Tevfik Arif was born to a Turkish family in the Soviet Union in 1953. He studied international relations in Moscow and then spent 17 years as a deputy director in the USSR’s Ministry of Commerce and Trade, managing hotel properties for the Soviet government.

After the Soviet collapse, Arif and his brother moved into real estate and the chromium business in Turkey, Azerbaijan, and Kazakhstan. The family acquired the Aktyubinsk Chromium Chemicals Plant (ACCP) in Kazakhstan. Court filings in the Kriss lawsuit alleged that cash from the chromium business was funneled into Bayrock as unexplained equity contributions beginning in 2004 (Behar, 2017; Unger, 2018).

In 2001, Arif moved to New York and opened Bayrock’s offices in Trump Tower. In 2003, Felix Sater introduced the firm to Trump. For the next five years, Bayrock was Trump’s primary vehicle for international real estate licensing deals.

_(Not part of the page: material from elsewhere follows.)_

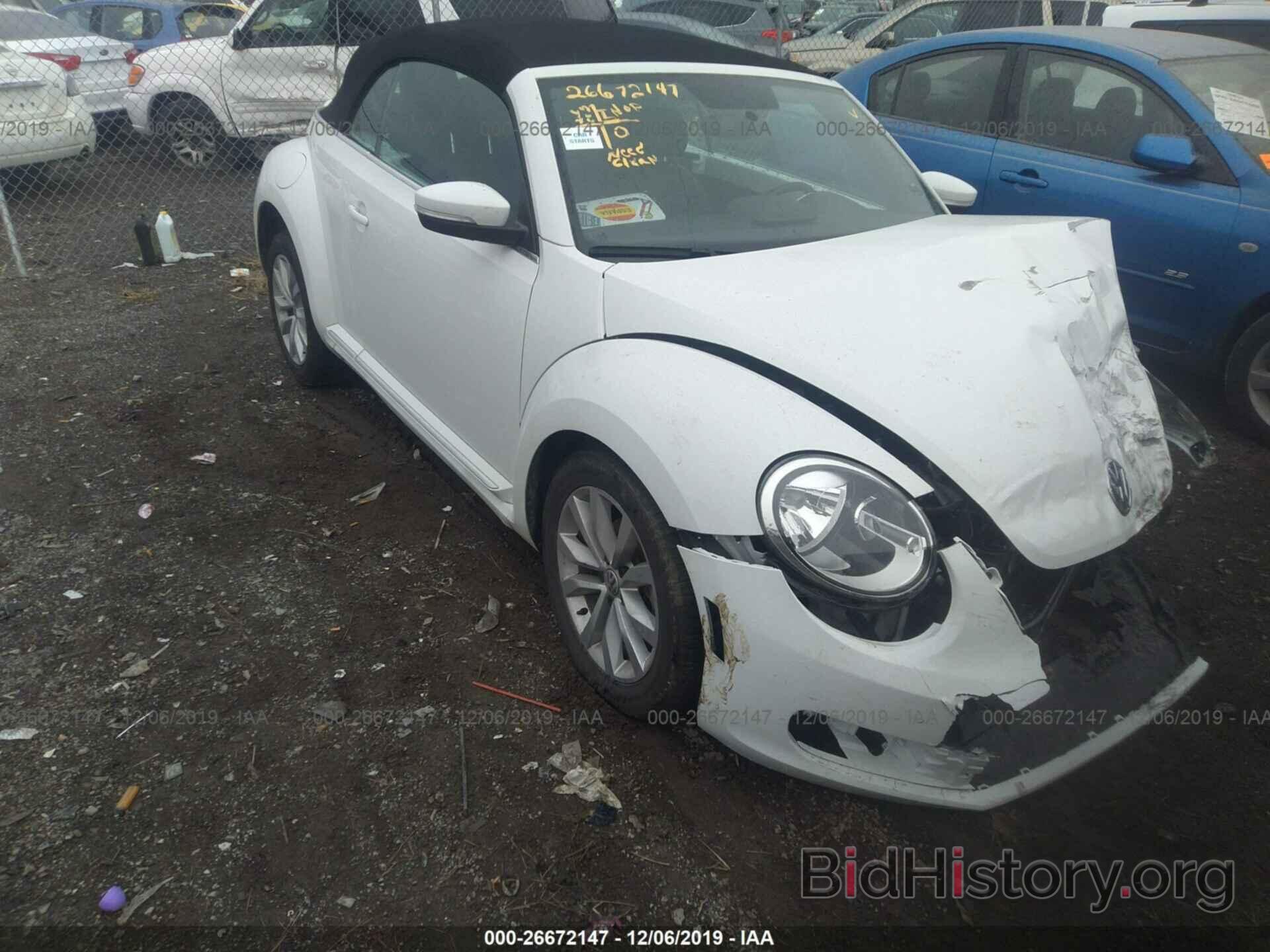 Photo 3VW5A7AT1FM820501 - VOLKSWAGEN BEETLE 2015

In 2010, Arif was arrested in Turkey and charged with running a prostitution ring aboard the $60 million yacht Savarona. All charges were ultimately dropped. In 2017–2018, a dispute between Arif and Sater became public when the Wall Street Journal reported that Sater had threatened to expose Arif’s alleged connections to organized crime unless Arif paid him $3.5 million in legal expenses (Behar, 2017).

Tamir Sapir (born Temur Sepiashvili, 1946–2014)

Tamir Sapir was a Georgian-born Jewish immigrant who arrived in the United States in the mid-1970s. After working as a cab driver, he partnered with fellow Soviet émigré Sam Kislin to open Joy-Lud International Distributors, an electronics store on Fifth Avenue in Manhattan.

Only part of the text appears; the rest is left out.